McDonald's Tackles Repair of 'Broken' Service
By Julie Jargon | The Wall Street Journal
McDonald's Corp. (MCD), battling back from recent earnings disappointments, is putting unusual emphasis on a longtime challenge: getting its far-flung workforce to provide service with a smile.
The fast-food giant, whose restaurant sales in the U.S. began to slip last year, is pushing franchisees to improve staffing and service amid mounting complaints about rude employees.
In a webcast McDonald's executives held with franchise owners last month, the company said 1 in 5 customer complaints are related to friendliness issues "and it's increasing," according to a slide from the presentation reviewed by The Wall Street Journal.
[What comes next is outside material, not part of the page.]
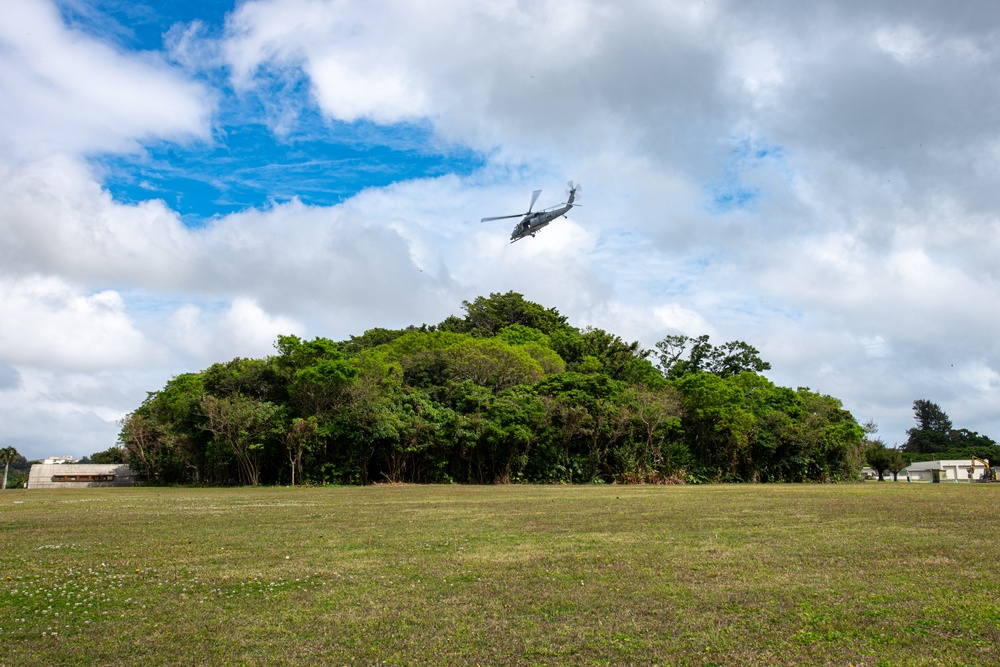 18th Wing concludes base-wide readiness exercise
The webcast identified the top complaint as "rude or unprofessional employees."
One slide said that complaints about speed of service "have increased significantly over the past six months." Another mentioned that customers find service "chaotic."
"Service is broken," said a slide from part of the webcast delivered by Steve Levigne, vice president of business research for McDonald's USA.
One franchisee said McDonald's has renewed emphasis on customer service since Chief Executive Don Thompson installed Jeff Stratton, the chain's global chief restaurant officer, as president of McDonald's USA in November, after two consecutive quarters in which the company missed Wall Street's earnings expectations.
"The new leadership has decided to focus on customer satisfaction as a real driver for us to build the brand and build sales," this franchisee said, adding that the company had been gaining market share for years. "So for us to maximize the potential that's out there, we've got to be the leader in guest satisfaction," the franchisee said.
A McDonald's spokeswoman wouldn't comment on the webcast or on what the company is doing to address complaints, and declined to make executives available for interviews, citing a quiet period ahead of the company's earnings on April 19.
McDonald's, which has more than 14,000 U.S. restaurants, performed well throughout most of the economic downturn by sticking to its strategy of remodeling and tidying up restaurants and rolling out a steady stream of new menu items at a range of prices—from inexpensive snack wraps to more costly fruit smoothies—intended to appeal to more consumers.
But achieving speed and friendliness of service across the chain has been a particularly elusive goal, at least in part because about 90% of McDonald's restaurants in the U.S. are owned by independent operators.
In QSR Magazine's annual Drive-Thru Study, the only comprehensive industry comparison of customer service at fast-food chains, other restaurants have consistently outperformed McDonald's in those areas. In last year's study, the average service time at the McDonald's drive-through studied was 188.83 seconds, compared with 129.75 for industry leader Wendy's Co. (WEN). Chick-fil-A had the top friendliness ratings. Out of the seven major chains in the study, McDonald's was second to last in the "very friendly" ranking, just above Burger King (BKW).
Some analysts say McDonald's is continuing to lose customers.
During its webcast, McDonald's told franchisees that customers rate good service almost as highly as dollar value, pointing to a National Restaurant Association survey.
"The service varies so much depending on which McDonald's you visit. It can vary from very friendly to very rude," said Jane Fiedler, an office manager who occasionally visits the same downtown Chicago location.